--- Given records Enclosed Below ---
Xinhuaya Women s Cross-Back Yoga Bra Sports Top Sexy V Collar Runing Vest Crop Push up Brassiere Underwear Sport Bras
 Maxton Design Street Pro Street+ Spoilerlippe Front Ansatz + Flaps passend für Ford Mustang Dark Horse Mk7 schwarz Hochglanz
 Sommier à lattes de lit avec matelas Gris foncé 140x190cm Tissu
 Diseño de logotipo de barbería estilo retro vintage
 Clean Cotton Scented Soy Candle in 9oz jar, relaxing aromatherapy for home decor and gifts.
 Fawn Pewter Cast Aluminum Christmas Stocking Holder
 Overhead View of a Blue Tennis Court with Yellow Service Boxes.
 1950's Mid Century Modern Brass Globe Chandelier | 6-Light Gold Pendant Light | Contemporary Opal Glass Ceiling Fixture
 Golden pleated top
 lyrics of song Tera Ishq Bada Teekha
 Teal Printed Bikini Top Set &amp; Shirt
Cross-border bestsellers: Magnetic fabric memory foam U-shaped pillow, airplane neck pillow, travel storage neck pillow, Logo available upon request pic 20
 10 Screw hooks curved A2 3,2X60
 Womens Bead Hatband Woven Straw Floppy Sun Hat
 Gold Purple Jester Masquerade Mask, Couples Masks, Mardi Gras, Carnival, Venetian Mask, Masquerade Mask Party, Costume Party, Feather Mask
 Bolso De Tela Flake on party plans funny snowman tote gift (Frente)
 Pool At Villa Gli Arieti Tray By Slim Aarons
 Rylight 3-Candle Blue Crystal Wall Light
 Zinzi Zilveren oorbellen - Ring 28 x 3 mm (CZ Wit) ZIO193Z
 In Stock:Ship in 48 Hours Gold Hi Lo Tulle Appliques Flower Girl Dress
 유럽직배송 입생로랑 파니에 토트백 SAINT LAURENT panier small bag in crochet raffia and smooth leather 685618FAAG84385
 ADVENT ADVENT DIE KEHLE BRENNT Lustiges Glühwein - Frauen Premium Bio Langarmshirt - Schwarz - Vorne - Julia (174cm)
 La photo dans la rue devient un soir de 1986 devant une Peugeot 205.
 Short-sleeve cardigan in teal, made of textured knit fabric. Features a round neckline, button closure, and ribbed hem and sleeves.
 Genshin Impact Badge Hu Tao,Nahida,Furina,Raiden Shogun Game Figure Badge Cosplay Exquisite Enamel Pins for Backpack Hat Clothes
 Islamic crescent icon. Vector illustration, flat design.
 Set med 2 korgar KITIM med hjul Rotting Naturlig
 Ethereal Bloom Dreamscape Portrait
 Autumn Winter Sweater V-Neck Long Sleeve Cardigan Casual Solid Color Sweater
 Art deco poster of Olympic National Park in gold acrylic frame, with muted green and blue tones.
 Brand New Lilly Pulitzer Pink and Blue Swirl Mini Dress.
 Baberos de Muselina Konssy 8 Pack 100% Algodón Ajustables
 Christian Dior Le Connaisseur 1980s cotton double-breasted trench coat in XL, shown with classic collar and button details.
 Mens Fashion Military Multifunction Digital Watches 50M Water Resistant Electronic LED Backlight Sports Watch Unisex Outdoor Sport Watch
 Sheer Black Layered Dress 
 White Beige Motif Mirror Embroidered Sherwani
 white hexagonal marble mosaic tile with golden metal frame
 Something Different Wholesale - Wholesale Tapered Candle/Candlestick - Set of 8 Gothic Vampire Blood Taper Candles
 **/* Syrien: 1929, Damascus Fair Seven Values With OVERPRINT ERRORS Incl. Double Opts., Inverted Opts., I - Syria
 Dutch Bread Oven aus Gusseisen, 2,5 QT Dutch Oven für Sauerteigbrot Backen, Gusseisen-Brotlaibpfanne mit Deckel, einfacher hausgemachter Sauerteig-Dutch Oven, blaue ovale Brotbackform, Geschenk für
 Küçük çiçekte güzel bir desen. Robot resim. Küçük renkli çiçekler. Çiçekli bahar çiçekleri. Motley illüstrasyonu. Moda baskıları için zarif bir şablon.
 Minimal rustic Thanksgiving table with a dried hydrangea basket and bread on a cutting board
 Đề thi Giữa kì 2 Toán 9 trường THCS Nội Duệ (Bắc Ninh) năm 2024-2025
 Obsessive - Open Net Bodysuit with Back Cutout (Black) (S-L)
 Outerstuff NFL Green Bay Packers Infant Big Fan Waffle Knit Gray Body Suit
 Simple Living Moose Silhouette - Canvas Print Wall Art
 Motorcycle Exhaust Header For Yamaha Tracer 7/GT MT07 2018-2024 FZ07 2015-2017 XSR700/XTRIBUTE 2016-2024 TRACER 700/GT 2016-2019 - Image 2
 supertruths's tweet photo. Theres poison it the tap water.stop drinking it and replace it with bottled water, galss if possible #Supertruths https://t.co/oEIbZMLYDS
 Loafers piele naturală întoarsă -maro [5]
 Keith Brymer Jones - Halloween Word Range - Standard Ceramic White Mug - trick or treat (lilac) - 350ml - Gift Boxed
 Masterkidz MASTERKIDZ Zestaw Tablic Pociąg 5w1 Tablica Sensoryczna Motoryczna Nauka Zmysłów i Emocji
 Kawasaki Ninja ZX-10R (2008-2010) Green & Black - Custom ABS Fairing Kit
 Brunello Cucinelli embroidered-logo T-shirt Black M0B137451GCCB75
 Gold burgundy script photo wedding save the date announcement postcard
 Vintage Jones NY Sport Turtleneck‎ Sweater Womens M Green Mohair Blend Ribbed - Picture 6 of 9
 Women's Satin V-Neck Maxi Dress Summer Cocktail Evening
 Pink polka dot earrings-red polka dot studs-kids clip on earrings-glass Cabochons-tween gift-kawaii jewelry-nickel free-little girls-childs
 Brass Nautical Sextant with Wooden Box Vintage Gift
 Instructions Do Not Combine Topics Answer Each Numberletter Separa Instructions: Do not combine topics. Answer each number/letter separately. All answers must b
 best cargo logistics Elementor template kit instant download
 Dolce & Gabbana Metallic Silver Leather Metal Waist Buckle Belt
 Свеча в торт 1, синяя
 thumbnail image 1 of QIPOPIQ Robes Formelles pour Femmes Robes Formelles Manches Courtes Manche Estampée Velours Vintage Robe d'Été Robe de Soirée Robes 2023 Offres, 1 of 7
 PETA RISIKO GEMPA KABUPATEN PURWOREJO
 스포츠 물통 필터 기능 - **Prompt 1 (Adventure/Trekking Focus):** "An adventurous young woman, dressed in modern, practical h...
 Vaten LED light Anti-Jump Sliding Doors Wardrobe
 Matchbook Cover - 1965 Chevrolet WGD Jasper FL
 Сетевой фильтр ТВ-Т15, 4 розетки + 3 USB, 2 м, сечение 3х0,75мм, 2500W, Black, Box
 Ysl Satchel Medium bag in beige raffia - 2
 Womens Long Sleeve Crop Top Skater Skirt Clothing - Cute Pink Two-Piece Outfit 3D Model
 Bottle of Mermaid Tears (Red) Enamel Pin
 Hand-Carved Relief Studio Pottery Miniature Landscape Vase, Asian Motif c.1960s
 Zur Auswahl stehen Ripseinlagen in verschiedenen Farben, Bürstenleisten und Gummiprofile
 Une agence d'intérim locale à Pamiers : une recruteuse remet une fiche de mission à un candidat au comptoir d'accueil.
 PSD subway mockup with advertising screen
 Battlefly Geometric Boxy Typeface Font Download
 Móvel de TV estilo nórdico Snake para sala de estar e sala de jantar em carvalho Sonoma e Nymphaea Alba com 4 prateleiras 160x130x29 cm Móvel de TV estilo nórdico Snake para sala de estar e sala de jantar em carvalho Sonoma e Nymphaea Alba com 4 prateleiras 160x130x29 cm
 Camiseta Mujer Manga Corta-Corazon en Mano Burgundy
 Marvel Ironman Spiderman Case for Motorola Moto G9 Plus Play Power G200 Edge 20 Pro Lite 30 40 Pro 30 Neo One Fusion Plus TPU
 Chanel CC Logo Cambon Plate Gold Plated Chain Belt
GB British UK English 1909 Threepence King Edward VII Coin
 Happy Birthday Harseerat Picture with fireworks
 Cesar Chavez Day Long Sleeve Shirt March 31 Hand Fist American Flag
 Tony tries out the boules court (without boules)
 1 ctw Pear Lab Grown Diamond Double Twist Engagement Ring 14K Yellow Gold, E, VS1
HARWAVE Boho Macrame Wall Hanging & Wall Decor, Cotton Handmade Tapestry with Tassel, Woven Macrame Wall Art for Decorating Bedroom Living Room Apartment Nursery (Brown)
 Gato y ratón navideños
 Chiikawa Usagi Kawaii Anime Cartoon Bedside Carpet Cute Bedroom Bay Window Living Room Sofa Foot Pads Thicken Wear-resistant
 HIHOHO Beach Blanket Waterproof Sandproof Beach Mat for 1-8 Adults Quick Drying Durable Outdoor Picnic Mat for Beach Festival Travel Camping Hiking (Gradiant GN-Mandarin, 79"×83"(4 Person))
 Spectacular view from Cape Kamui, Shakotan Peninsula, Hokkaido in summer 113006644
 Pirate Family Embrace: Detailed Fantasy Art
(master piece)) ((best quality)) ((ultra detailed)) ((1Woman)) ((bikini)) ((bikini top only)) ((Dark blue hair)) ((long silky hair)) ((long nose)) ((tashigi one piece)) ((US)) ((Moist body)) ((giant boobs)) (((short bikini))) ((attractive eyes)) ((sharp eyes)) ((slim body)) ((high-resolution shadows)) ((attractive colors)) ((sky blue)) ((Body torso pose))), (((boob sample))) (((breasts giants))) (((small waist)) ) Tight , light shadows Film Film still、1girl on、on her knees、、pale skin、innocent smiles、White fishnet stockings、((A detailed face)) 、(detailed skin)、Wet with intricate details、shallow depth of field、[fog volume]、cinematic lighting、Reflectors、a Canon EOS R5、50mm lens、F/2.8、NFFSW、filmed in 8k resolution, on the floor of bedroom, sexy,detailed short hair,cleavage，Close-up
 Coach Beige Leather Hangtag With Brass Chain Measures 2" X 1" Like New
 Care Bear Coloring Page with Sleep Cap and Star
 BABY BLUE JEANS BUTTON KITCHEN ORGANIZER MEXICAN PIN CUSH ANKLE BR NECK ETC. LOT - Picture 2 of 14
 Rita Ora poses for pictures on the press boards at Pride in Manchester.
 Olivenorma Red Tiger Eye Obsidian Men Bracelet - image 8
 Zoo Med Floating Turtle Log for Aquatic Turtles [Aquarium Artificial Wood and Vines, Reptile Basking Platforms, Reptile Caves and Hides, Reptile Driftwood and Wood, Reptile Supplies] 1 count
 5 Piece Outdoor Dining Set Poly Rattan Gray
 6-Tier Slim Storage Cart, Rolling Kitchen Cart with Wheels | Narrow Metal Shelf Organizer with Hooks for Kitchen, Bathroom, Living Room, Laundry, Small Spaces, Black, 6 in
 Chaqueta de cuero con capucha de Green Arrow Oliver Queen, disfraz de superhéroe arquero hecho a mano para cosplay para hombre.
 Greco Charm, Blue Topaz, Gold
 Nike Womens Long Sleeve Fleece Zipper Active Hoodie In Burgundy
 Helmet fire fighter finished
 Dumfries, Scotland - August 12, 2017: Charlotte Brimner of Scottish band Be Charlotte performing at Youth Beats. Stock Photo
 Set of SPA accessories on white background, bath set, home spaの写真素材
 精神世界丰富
--- End of Enclosed Given records ---
**Action item:** From the records above, extract exactly and only the lines that begin at the line with "Overhead View of" and stop after the line with "Christian Dior Le".

**Written reply:**
 Overhead View of a Blue Tennis Court with Yellow Service Boxes.
 1950's Mid Century Modern Brass Globe Chandelier | 6-Light Gold Pendant Light | Contemporary Opal Glass Ceiling Fixture
 Golden pleated top
 lyrics of song Tera Ishq Bada Teekha
 Teal Printed Bikini Top Set &amp; Shirt
Cross-border bestsellers: Magnetic fabric memory foam U-shaped pillow, airplane neck pillow, travel storage neck pillow, Logo available upon request pic 20
 10 Screw hooks curved A2 3,2X60
 Womens Bead Hatband Woven Straw Floppy Sun Hat
 Gold Purple Jester Masquerade Mask, Couples Masks, Mardi Gras, Carnival, Venetian Mask, Masquerade Mask Party, Costume Party, Feather Mask
 Bolso De Tela Flake on party plans funny snowman tote gift (Frente)
 Pool At Villa Gli Arieti Tray By Slim Aarons
 Rylight 3-Candle Blue Crystal Wall Light
 Zinzi Zilveren oorbellen - Ring 28 x 3 mm (CZ Wit) ZIO193Z
 In Stock:Ship in 48 Hours Gold Hi Lo Tulle Appliques Flower Girl Dress
 유럽직배송 입생로랑 파니에 토트백 SAINT LAURENT panier small bag in crochet raffia and smooth leather 685618FAAG84385
 ADVENT ADVENT DIE KEHLE BRENNT Lustiges Glühwein - Frauen Premium Bio Langarmshirt - Schwarz - Vorne - Julia (174cm)
 La photo dans la rue devient un soir de 1986 devant une Peugeot 205.
 Short-sleeve cardigan in teal, made of textured knit fabric. Features a round neckline, button closure, and ribbed hem and sleeves.
 Genshin Impact Badge Hu Tao,Nahida,Furina,Raiden Shogun Game Figure Badge Cosplay Exquisite Enamel Pins for Backpack Hat Clothes
 Islamic crescent icon. Vector illustration, flat design.
 Set med 2 korgar KITIM med hjul Rotting Naturlig
 Ethereal Bloom Dreamscape Portrait
 Autumn Winter Sweater V-Neck Long Sleeve Cardigan Casual Solid Color Sweater
 Art deco poster of Olympic National Park in gold acrylic frame, with muted green and blue tones.
 Brand New Lilly Pulitzer Pink and Blue Swirl Mini Dress.
 Baberos de Muselina Konssy 8 Pack 100% Algodón Ajustables
 Christian Dior Le Connaisseur 1980s cotton double-breasted trench coat in XL, shown with classic collar and button details.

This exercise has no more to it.